A loro avviso, il progetto governativo è caratterizzato dal dirigismo statale e dall'insufficienza di libertà di mercato; le sovvenzioni e le tasse proposte saranno messe in atto a scapito dei contribuenti e soffocheranno ogni forma di concorrenza.

L'Unione democratica di centro (UDC) afferma che, nonostante le risposte negative ricevute in procedura di consultazione, il Consiglio federale "ha mantenuto ostinatamente la sua rotta socialista e dirigista". In tal modo sarà impossibile avere un approvvigionamento energetico sicuro, indipendente dall'estero, a prezzi sostenibili e in grado di affermarsi nel futuro. Secondo l'UDC le tasse e multe previste dal progetto sono suscettibili di dissanguare l'economia di mercato e la classe media in particolare.

Sulla stessa lunghezza d'onda il Partito liberale radicale (PLR), rimpiangendo la mancanza di orientamento di mercato. Sia PLR che UDC criticano anche la prevista riforma fiscale ecologica. Ma se il primo chiede una votazione federale su tutto il pacchetto della Strategia energetica 2050, il secondo vuole che il popolo si esprima sull'uscita dal nucleare.

I Verdi Liberali (PVL) vogliono "meccanismi di mercato, e non sempre più regolamentazioni, sovvenzioni e burocrazia". Malgrado la proposta governativa vada nel buon senso, le misure per la sua messa in opera "sono insufficienti e minacciano l'aspetto economico della svolta energetica", afferma il presidente Martin Bäumle. Inoltre il Consiglio federale non avrebbe dovuto rimandare alle calende greche la riforma fiscale ecologica.

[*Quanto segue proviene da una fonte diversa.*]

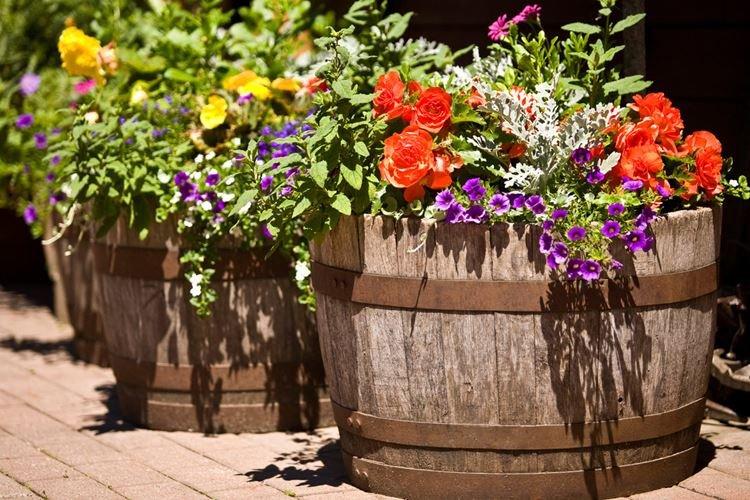 Уличные вазоны для цветов - фото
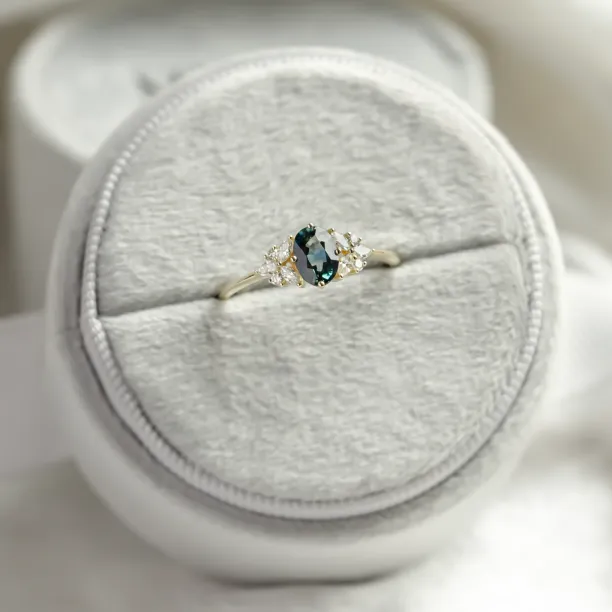 Luxury teal sapphire and diamond ring HAZEL Image
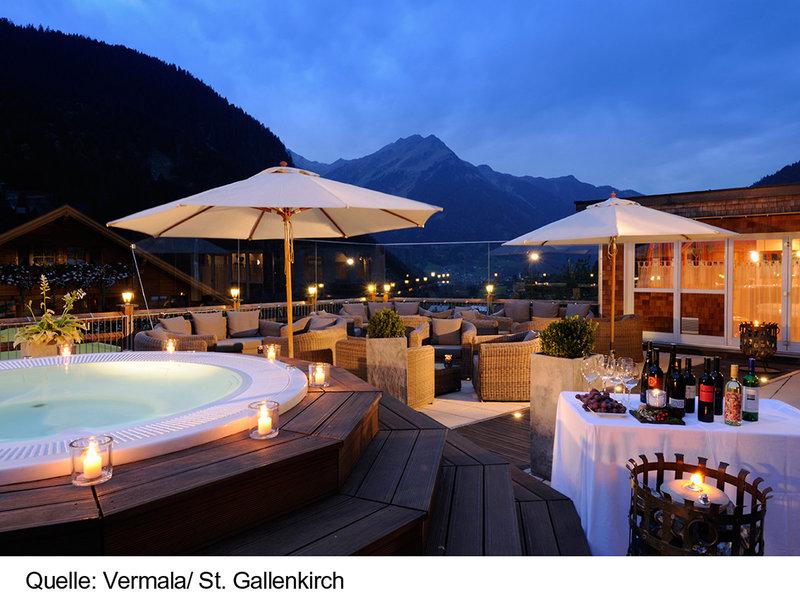 249D7C987F2D8B63A95929BFD7460183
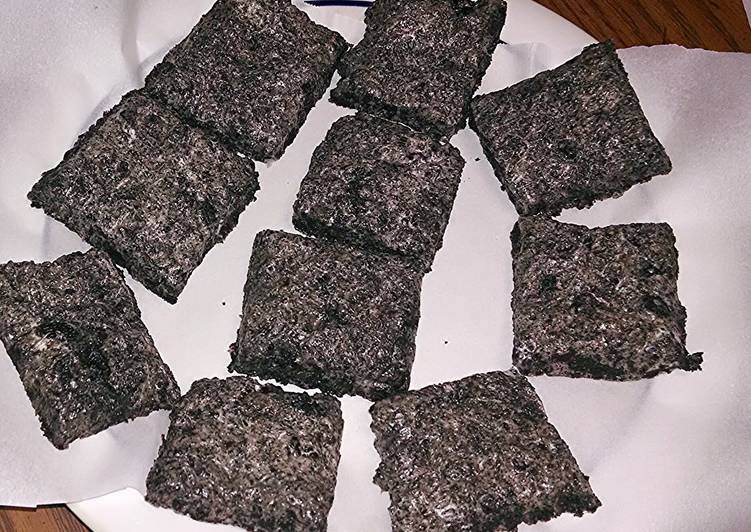 Easiest Way to Prepare Super Quick Homemade no bake chewy cookies n cream bars.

Il Partito borghese democratico (PBD) coglie l'occasione per reclamare "una discussione senza paraocchi". Secondo il PBD, solo con un'adeguata riforma fiscale a partire dal 2020 si potranno raggiungere in modo economicamente interessante e sostenibile a lungo termine gli obiettivi della strategia energetica 2050. I meccanismi di incitazione fiscale proposti dal Consiglio federale sono liberali e conformi all'economia di mercato, al contrario delle sovvenzioni, sottolinea il partito.